======== THE RECORDS

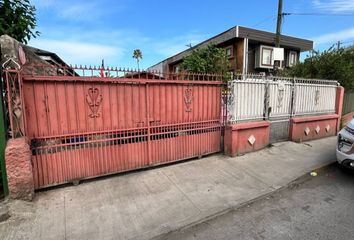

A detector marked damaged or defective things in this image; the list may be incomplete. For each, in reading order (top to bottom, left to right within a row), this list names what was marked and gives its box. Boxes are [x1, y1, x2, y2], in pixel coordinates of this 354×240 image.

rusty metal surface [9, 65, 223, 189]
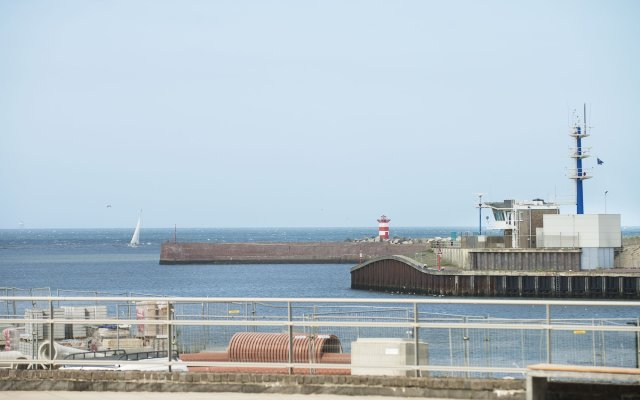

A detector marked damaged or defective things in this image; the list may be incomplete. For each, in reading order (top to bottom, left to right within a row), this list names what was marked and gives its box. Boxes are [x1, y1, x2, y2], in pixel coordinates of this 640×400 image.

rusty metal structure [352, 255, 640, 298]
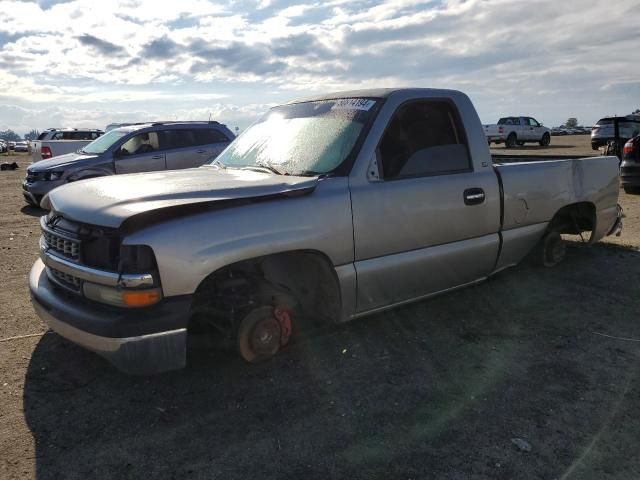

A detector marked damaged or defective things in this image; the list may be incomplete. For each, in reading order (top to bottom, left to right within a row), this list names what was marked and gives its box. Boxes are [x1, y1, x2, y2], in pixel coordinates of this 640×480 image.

================

TASK DIRECTIONS: Since pictures are not part of the copy, set down only the remaining data exactly.

RESULT OF THE EXERCISE:
A detector marked damaged or defective things in this image; the list may be incomplete. For each, in reading order (top to bottom, left to right within a row), this list names what was marked and gives its box. Boxes are [x1, y1, x2, y2], in pixel coordinates of this 354×240 image.

rusty metal surface [9, 65, 223, 189]

A detector marked damaged or defective things in this image; the list may be incomplete. For each, in reading order (top to bottom, left to right within a row), this list names what was marked and gives its box. Boxes are [x1, y1, x2, y2], in pixel coordinates of this 640×400 image.

rusty metal structure [352, 255, 640, 298]

A detector marked damaged or defective things in this image; the list may be incomplete. For each, in reading order (top to bottom, left to right within a row), this list names what was marked and gives its box. Boxes are [x1, y1, x2, y2], in pixel coordinates of this 640×480 image.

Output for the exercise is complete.